Have you ever been overtaken with an insane, lustful rage? It’s the whiskey-in-hand, we-can’t-work-things-out, why-can’t-I-tell-her-how-I-feel, what-the-fuck-is-so-difficult-about-this-shit, burning-through-cigarettes kind of madness. It’s the sort of rage that leaves you pacing back and forth in the kitchen, thinking fake conversations in your head while your eyes just burn into nothing in particular. You just mumble things here and there thinking you’re an idiot and occasionally blurt out a coherent “fuck” or “damn it.” You only stop to pour your blessed whiskey into a shot glass, highball or mixing cup – whatever is clean at the moment. For whatever reason you feel trapped in that instant with nothing else in the world – it’s just you, the anger and the whiskey.

Now picture all of that, the ping-ponging, the muttering, the burning eyes, but without the alcohol. Picture instead that instead of a chilled, caramel-colored beverage, you’ve chosen a loaf of bread and a stick of butter as the outlet of your frustration.

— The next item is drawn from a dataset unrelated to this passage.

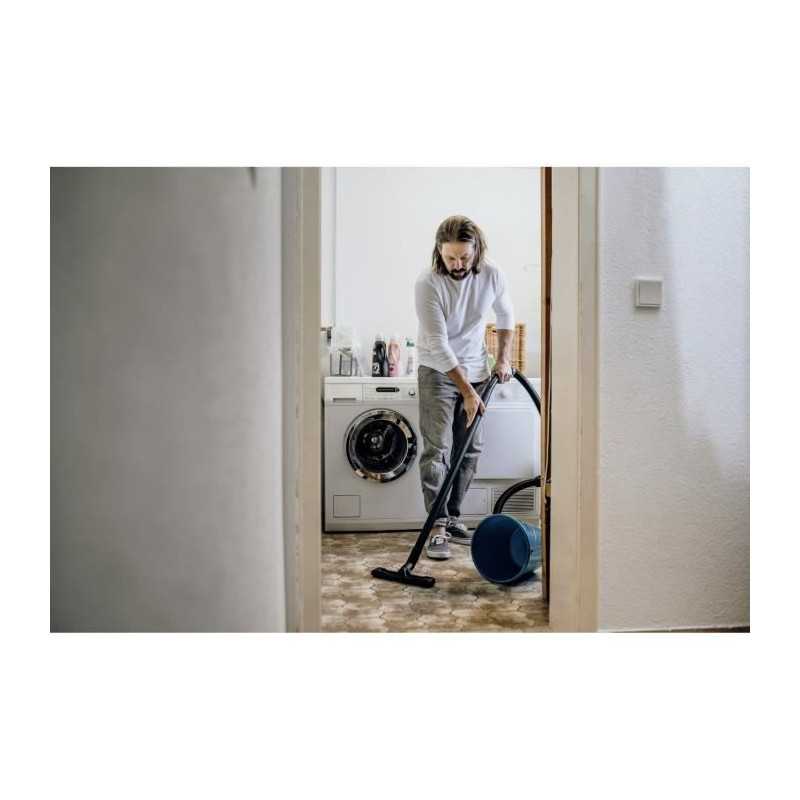 Aspirateur eau et poussiere KARCHER WD 3 P V-19/4/20 - Cuve polypropylene 19 L - 1000W Prise electroportative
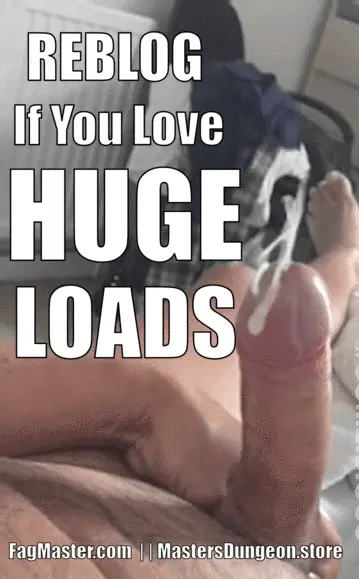 Repin if you love huge loads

You untwist the little tie or pull off that plastic square thing almost breaking it in half (which happens even in normal operating conditions I must add), and you tear into that loaf of bread piece by flaky piece. You have your knife and you viciously slice into that stick of soft butter over and over again, smearing it across the bread. All the while you seethe and pace and think “what the fuck” as you bite off a piece of bread and continue on your way. Picture doing this for twenty minutes.

That was my Sunday night.

I didn’t write it into my calendar. I didn’t need to finish the loaf before it all went moldy. I wasn’t even that hungry. I thought to myself: “I should go find a snack and make some coffee.” It was that innocent. I get the coffee brewing. I start peering into the fridge, and while I’m in there something just snaps. It was this out-of-nowhere, visceral, what-the-fuck-is-so-goddamned-wrong-with-me outburst.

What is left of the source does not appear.